In the entries below, find the line with "全新小米无线游戏手柄介绍：厂家品牌、实物图片及市场热度分析" and the line with "Beachball Emoji(圖2)-速報App", then retype both and everything between them exactly. Do not copy the pictures.

┌─ Study material

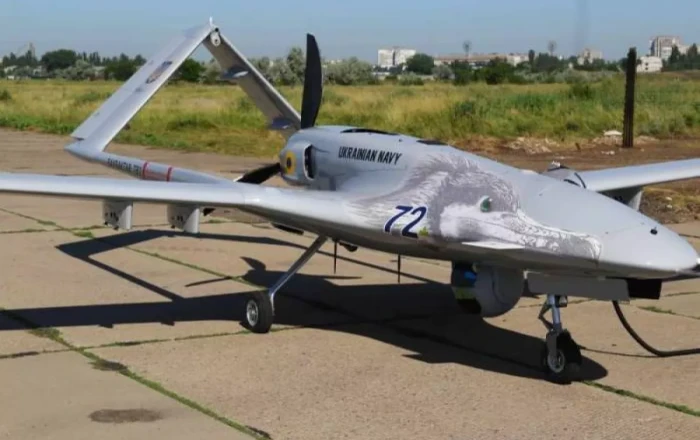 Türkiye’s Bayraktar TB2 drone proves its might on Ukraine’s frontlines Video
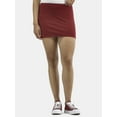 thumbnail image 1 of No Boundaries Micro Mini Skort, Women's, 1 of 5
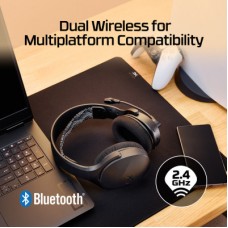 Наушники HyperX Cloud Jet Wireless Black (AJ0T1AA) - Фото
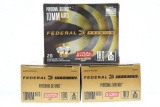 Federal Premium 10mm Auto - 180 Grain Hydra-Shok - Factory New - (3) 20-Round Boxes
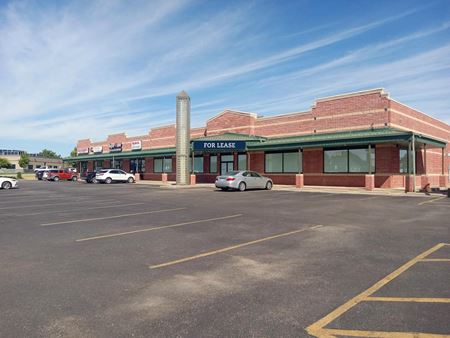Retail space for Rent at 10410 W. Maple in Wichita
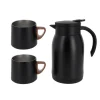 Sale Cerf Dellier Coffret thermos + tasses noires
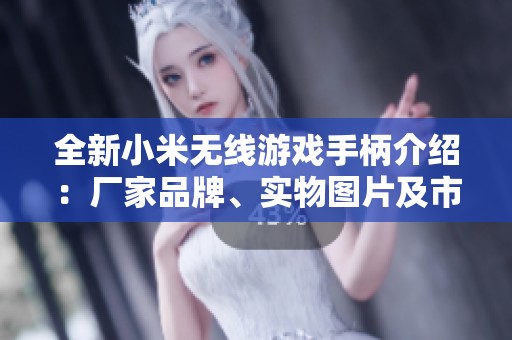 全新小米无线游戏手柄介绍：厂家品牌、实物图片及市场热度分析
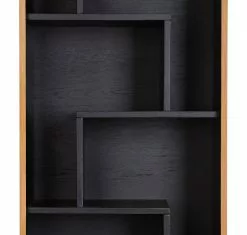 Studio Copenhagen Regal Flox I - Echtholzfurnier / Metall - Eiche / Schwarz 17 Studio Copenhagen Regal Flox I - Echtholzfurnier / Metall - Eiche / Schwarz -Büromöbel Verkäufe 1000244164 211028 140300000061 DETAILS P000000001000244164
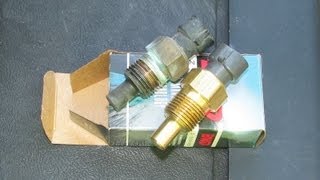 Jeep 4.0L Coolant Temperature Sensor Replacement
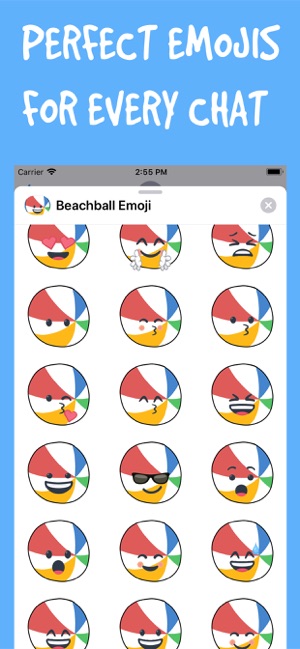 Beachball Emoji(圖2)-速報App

└─
┌─ Study material

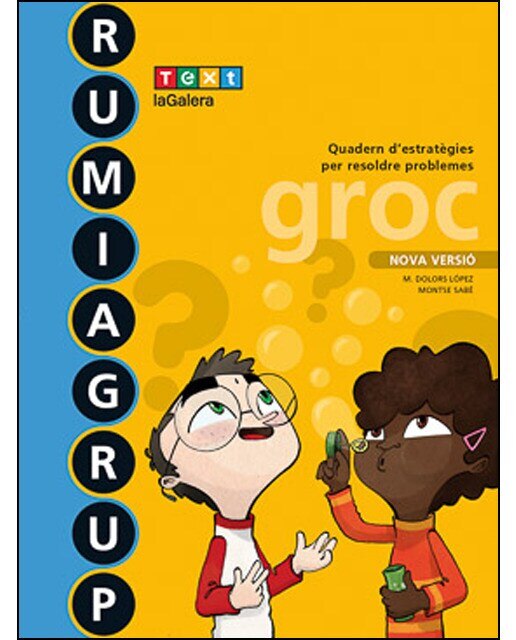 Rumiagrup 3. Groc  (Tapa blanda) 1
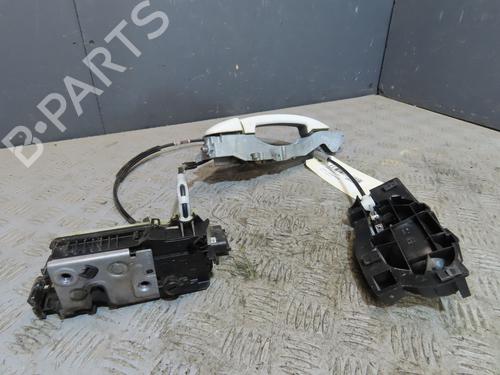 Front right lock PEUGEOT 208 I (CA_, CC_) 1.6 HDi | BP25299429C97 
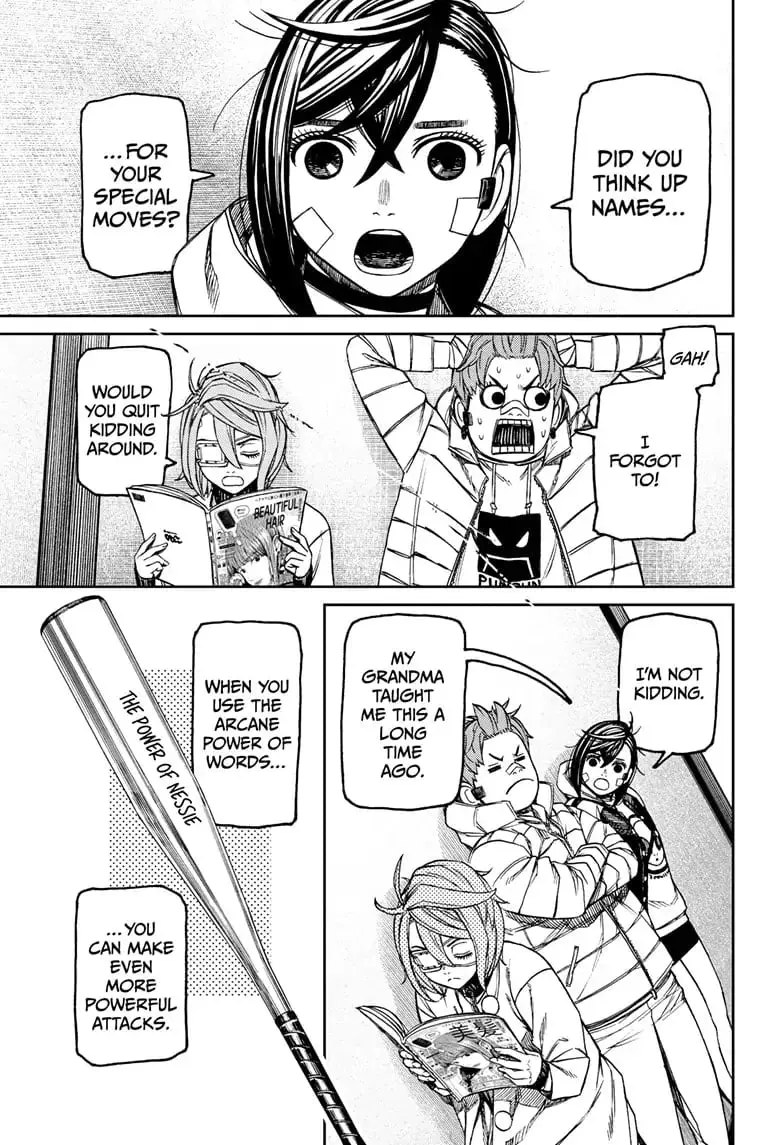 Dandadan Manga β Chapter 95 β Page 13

└─

*Completed exercise*.
 全新小米无线游戏手柄介绍：厂家品牌、实物图片及市场热度分析
 Studio Copenhagen Regal Flox I - Echtholzfurnier / Metall - Eiche / Schwarz 17 Studio Copenhagen Regal Flox I - Echtholzfurnier / Metall - Eiche / Schwarz -Büromöbel Verkäufe 1000244164 211028 140300000061 DETAILS P000000001000244164
 Jeep 4.0L Coolant Temperature Sensor Replacement
 Beachball Emoji(圖2)-速報App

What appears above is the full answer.